The use of drones is taking off, too. Associated General Contractors of America President of Public Affairs Brian Turmail told Bisnow, "There are a ton of uses [for drones], none of which are new since the coronavirus [outbreak], but many of which are being accelerated because the virus has forced more people to work from home as opposed to from an office or a job site."
When it comes to AR, VR and other remote site visit and collaboration technology, companies are experimenting with all levels of complexity. Swinerton Vice President Peter Hau, who oversees North American construction operations for major tech firms globally, told Bisnow he used to fly around the world to tour job sites and office spaces, but since the arrival of the coronavirus, he has been relying on video call technology and a fleet of his company’s 3D scanners to stand in for in-person tours with clients.
In June, InsiteVR, a company that makes virtual reality meeting software for architecture, engineering and construction, announced a new product, Resolve, to boost the ability for construction teams to review building information models in virtual reality.

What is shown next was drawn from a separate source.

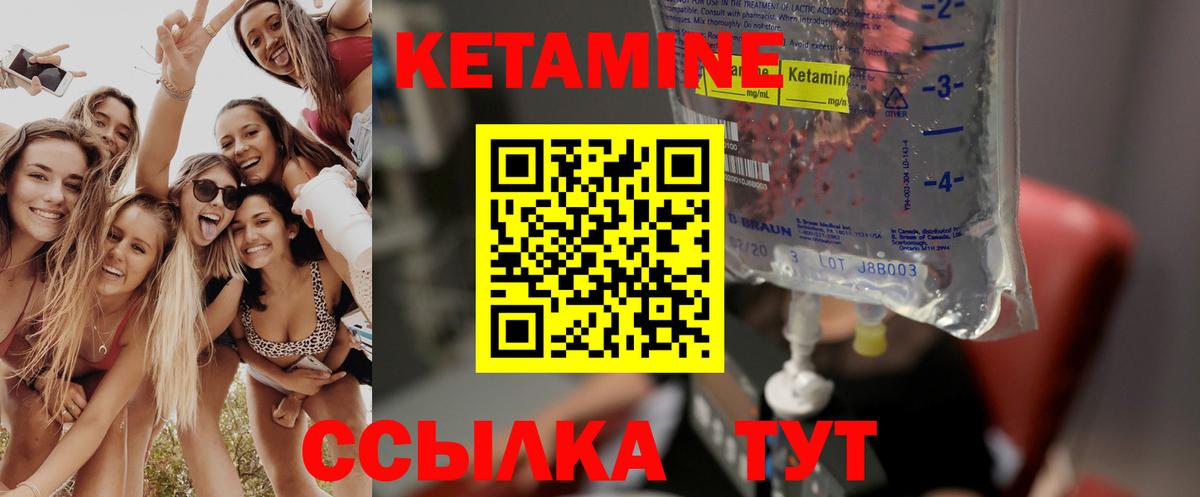КЕТАМИН VHQ Чистополь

According to InsiteVR CEO Angel Say, the tech “[enables] teams to review multimillion-dollar construction projects on a $400 wireless VR device," the Oculus Quest, rendering enormous data files and allowing real-time collaboration from home.
There are simpler solutions in play as well. Edwards said Skender uses videoconferencing technology to facilitate live site walk-throughs in lieu of face-to-face meetings.

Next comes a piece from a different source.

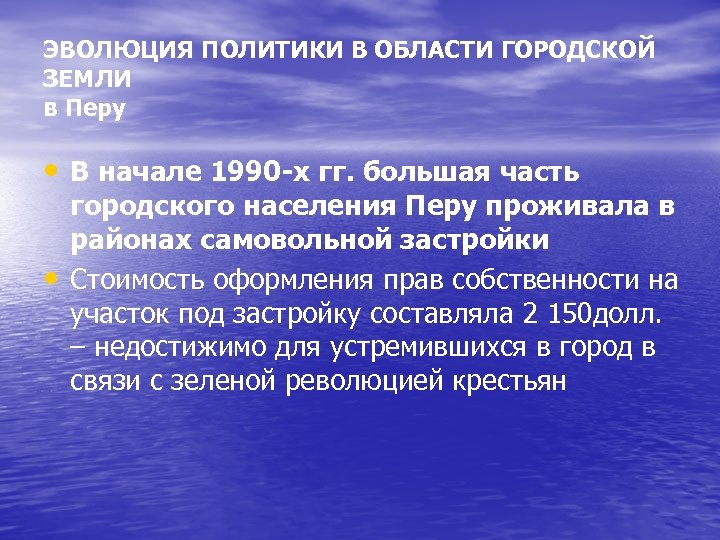 ЭВОЛЮЦИЯ ПОЛИТИКИ В ОБЛАСТИ ГОРОДСКОЙ ЗЕМЛИ в Перу • В начале 1990 -х гг.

Will Robots Replace Humans?
Last fall, construction industry unemployment hit record lows, while construction wages hit record highs in an effort to lure skilled workers. But this April, as work across the U.S. ground to a halt as lockdown orders went into effect, the industry’s unemployment rate spiked to triple what it had been at the start of 2020.
The end of these lockdown orders brought dramatic rebounds later in spring, when the industry regained a total of 619,000 construction jobs in May and June. But per the Bureau of Labor Statistics’ most recent jobs report, 444,000 fewer construction jobs are filled now than at this time in 2019, and hiring workers back may take time. Major markets are bleak with the biggest, like San Francisco, Tampa and Nashville, operating at more than a 50% loss compared to this time last year.
A slow rebound for construction employment and the growing presence of artificial intelligence on the job site are a worrying combination. Across the real estate industry, concerns about robots usurping job opportunities are far from new.
But once workers are all back at work, the industry will still have a labor shortage, and in fact, the downturn could make it even worse.
According to National Geographic, Mortenson Co., a construction firm in Minneapolis, has worked with Built since 2018 to mitigate the labor shortage.
“Operators will say things like, Oh, hey, here come the job killers,” Derek Smith, lean innovation manager for Mortenson told National Geographic.
“But after they see that the robot takes away a lot of repetitive work and they still have plenty to do, that shifts pretty quickly ... We want to take away tasks that are repetitive. Then our operators concentrate on the tasks that involve more art.”
For better or worse, robotics and other next-generation technology are sinking their teeth into the construction industry, and for now, the cost-saving measures, efficiency boosts and pandemic prevention help they offer — from symptom monitoring and contact tracing apps to social distancing reminder microchips — may be critical to some companies’ survival.
Once they get through this period, Edwards said, he doesn’t think they will be looking back.
“Our clients and employees alike have embraced this new way of working,” Edwards of Skender said. “So, we expect to continue these tech-driven practices in the long-term, even when the imminent threat of COVID-19 subsides."